Очередь сдвигается, утягивает ее с собой. Она в последний раз оглядывается, а все сказки и мифы предупреждают, что этого делать нельзя. В дверях она машет ему рукой, уходит, уходит… ушла. «Человек – тот, кто уходит». Джаспер возвращается, становится в очередь на автобус до Виктории. Холодная мартовская ночь. Он чувствует то, что обычно чувствуешь, когда что-то теряешь, но еще не понял, что именно. «Не кошелек… не ключи…» В кармане куртки он обнаруживает конверт со штемпелем «Фотоателье Майка Энглси». В конверте фотография Мекки – та самая, которую он сделал вчера, в китайском ресторанчике, попросив представить, как она возвращается в Берлин. «Сейчас мне не надо гадать, что она думает. Я знаю». На обороте фотографии написано:
Для начинающего неплохо.
Mit Liebe[23].
M.
Вдребезги
Прохожие и туристы редко удостаивают взглядом дверь дома 13А на тупиковой улочке Мейсонс-Ярд в Мэйфере. Для Дина эта дверь была порталом в волшебную страну, в обитель избранных, где резвятся продюсеры и те, кто отвечает за продвижение исполнителей; критики, способные в одночасье создать или разрушить репутацию, сильные мира сего и их дочери в поисках экзотических рок-н-ролльных приключений и интрижек; модельеры, создающие шедевры будущего сезона, модели, облаченные в эти шедевры, и их фотографы; а еще музыканты – не те, кто пока только мечтает об успехе, а те, кто его уже обрел: The Beatles, The Rolling Stones, The Hollies, The Kinks; залетные птицы, заезжие мартышки и черепахи; Джерри, со спутниками или без оных; где будущие знакомые Дина скажут ему: «Пришли мне демку, в эфир запустить» или «Мы ищем классную группу на разогрев – может, „Утопия-авеню“ согласится?». За дверью дома 13А на Мейсонс-Ярде находится клуб «Scotch of St.

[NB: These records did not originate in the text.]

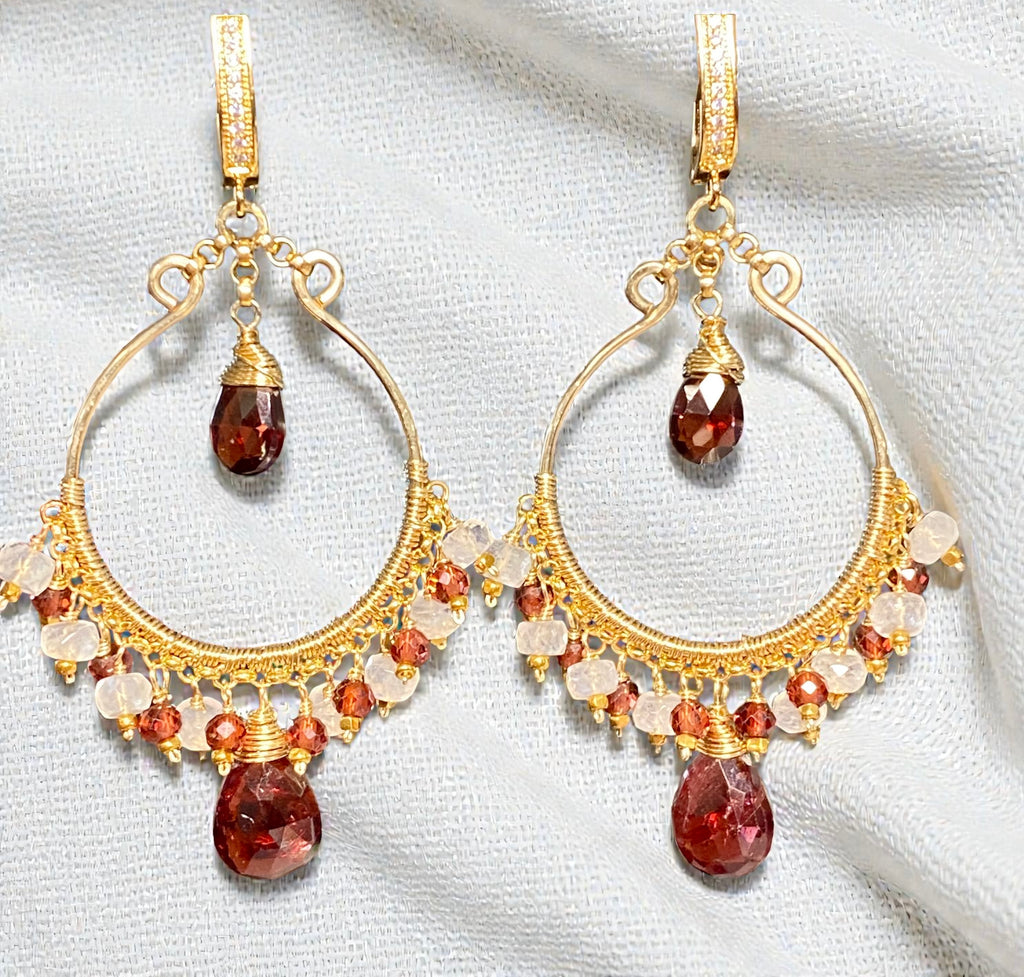Red garnet gold hoop earrings with rainbow moonstone on white linen background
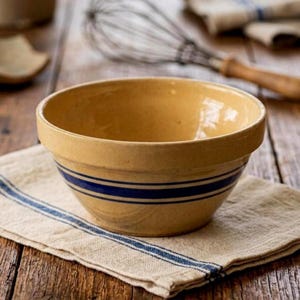 May include: A round, yellow ceramic mixing bowl featuring two horizontal dark blue stripes encircling the exterior. The bowl has a smooth, glazed finish and a wide, thick rim, presenting a classic design for kitchen preparation and food mixing.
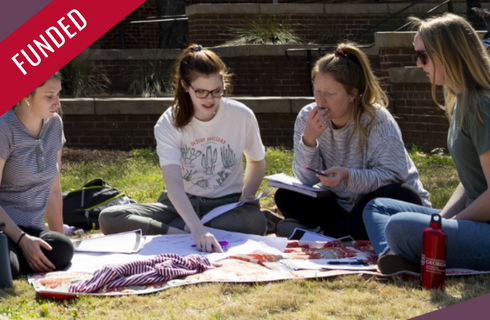 photo of social work students studying on the lawn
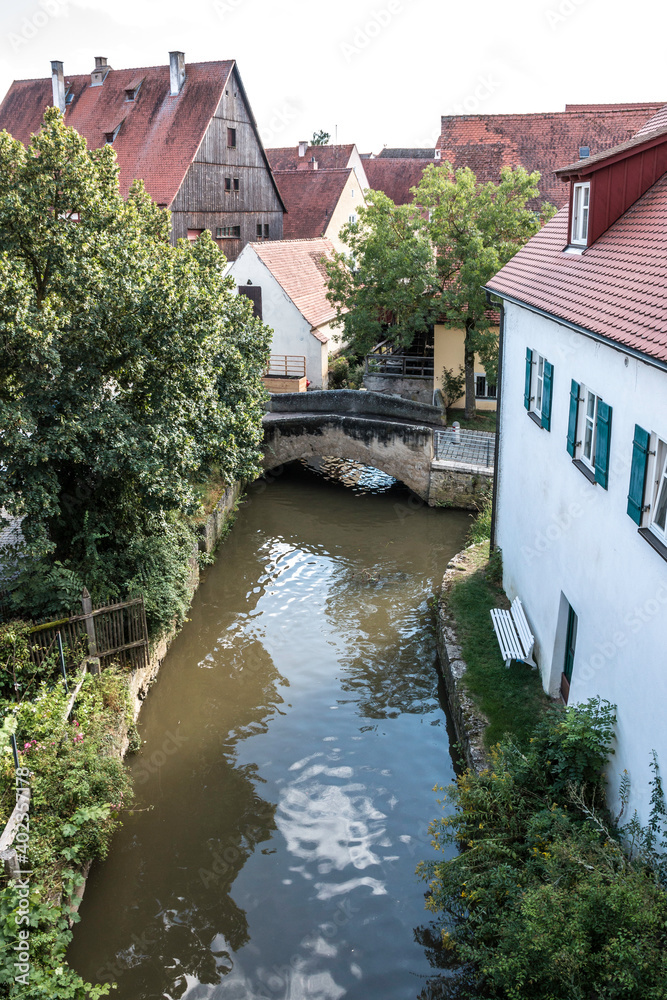 Lonely little bridge across the river at the medieval old town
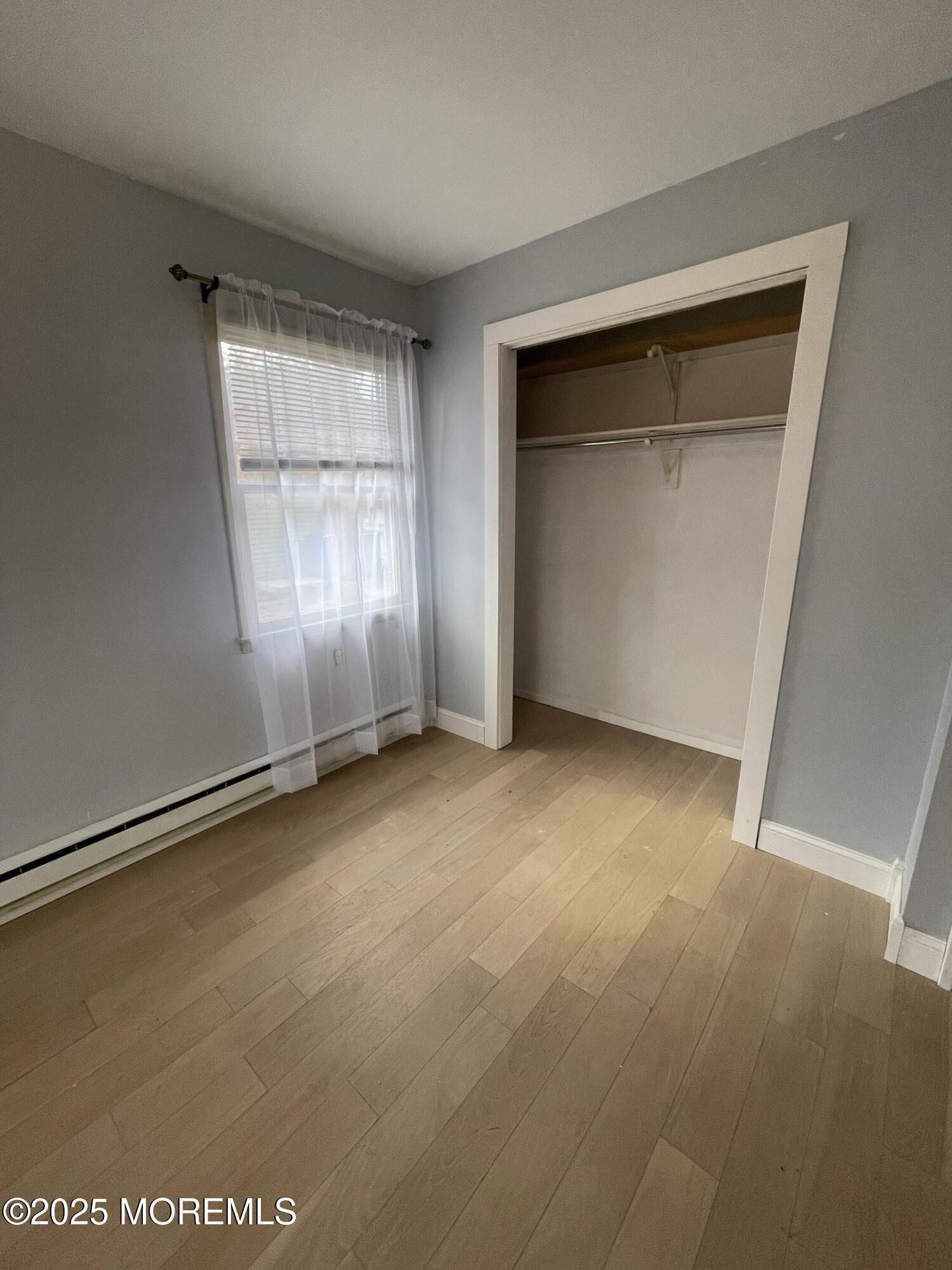 35 Sycamore Access Road, Unit 12 Manahawkin, NJ 08050 - Photo 22 of 34 an empty room with windows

James». Попасть туда можно исключительно по особому приглашению.
Дин сказал Джасперу:
– Я все устрою.
Он нажал кнопку звонка, и в двери на уровне глаз открылась узкая прорезь. На приятелей взглянуло всевидящее око:
– Представьтесь, пожалуйста.
– Мы друзья Брайана. Должны быть в списке приглашенных.

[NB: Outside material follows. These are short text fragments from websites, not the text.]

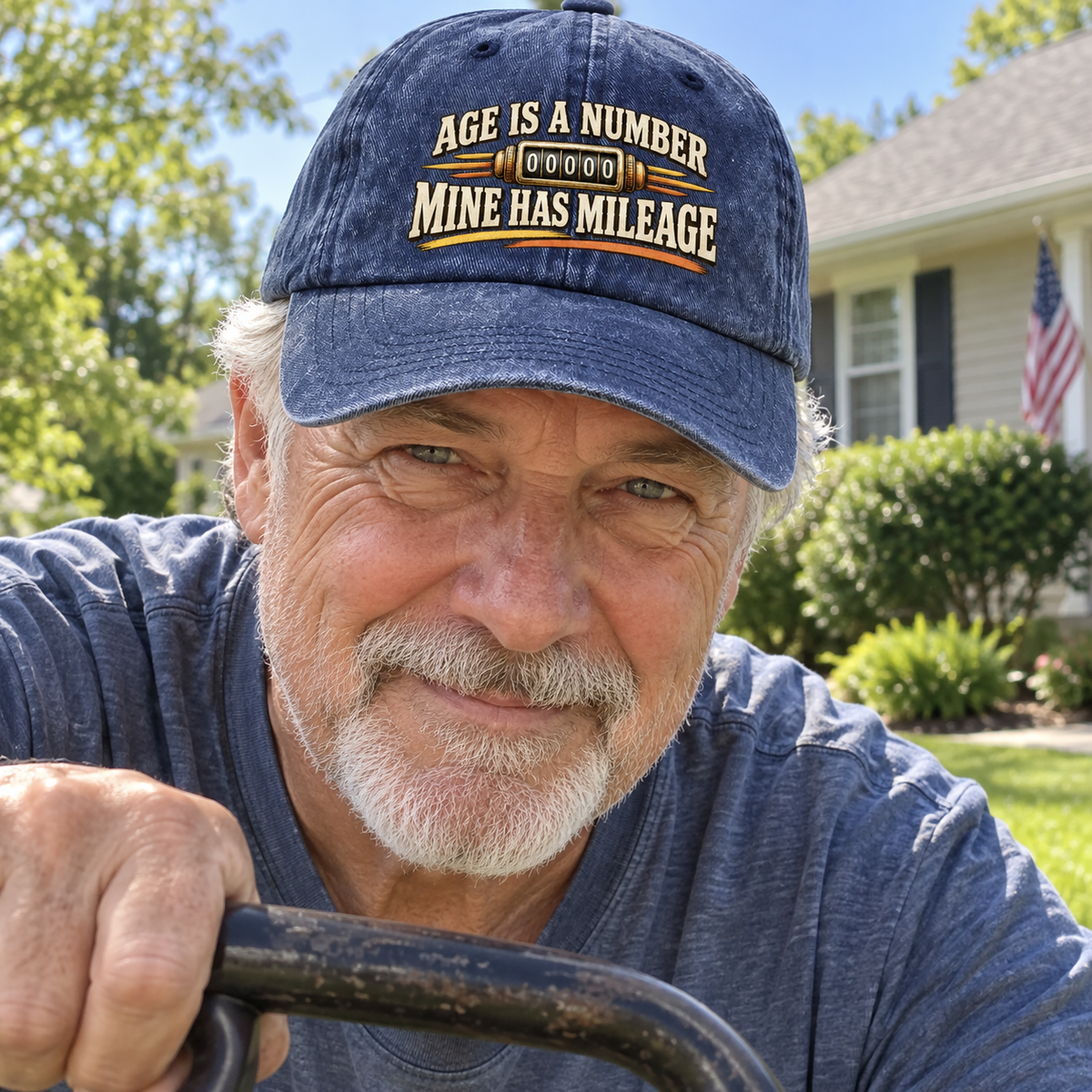 Senior man wearing navy vintage washed cap printed Age Is A Number Mine Has Mileage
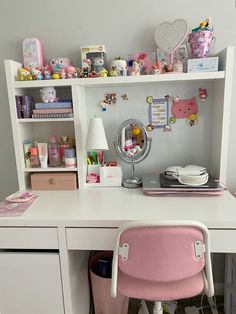 a white desk topped with a pink chair next to a shelf filled with lots of stuff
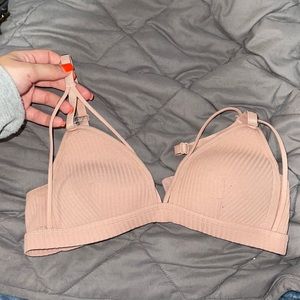 Small pink bralette with straps and push up padding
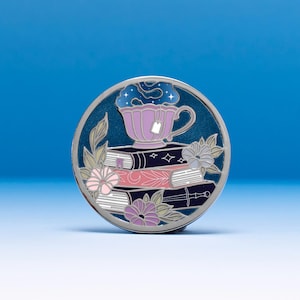 May include: A circular enamel pin featuring a stack of three books topped with a light purple teacup containing a swirling dark blue starry liquid. The design includes light pink and purple flowers, green leaves, and a silver sword outline.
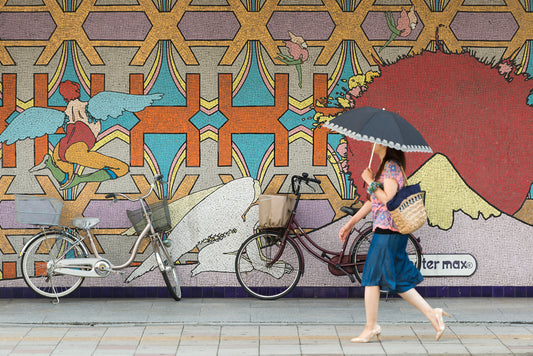 A women walks past an eclectic tapestry in Omiya, Japan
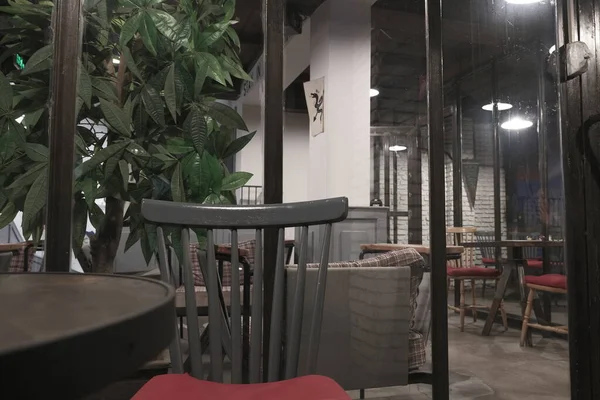 interior of a modern cafe, cafe designed vintage and retro style chairs and tables.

– Брайана Джонса или Брайана Эпстайна?
– Эпстайна.
– Погодите, сейчас посмотрю. Да, он ждет… Простите, а вы, случайно, не Ал и Гас?
Дин не поверил своему счастью.
– Да, это мы.
– Превосходно. Дайте-ка я уточню фамилии… Значит, вы будете мистер Ал Конавт, а ваш приятель – Гас Тролер?
– Да-да, это мы, – сказал Дин и лишь потом сообразил, что к чему.
Всевидящее око просияло, прорезь закрылась.
Дин снова нажал кнопку звонка.
Прорезь открылась. Из нее опять выглянуло всевидящее око:
– Представьтесь, пожалуйста.
– Я тут соврал, извините. Но мы действительно музыканты. Из группы «Утопия-авеню». Завтра играем в Брайтонском политехе.
– Платите вступительный взнос, подавайте заявку, и руководство ее рассмотрит. А если попадете на «Вершину популярности», то, может быть, вступительный взнос платить не придется. Освободите проход, пожалуйста.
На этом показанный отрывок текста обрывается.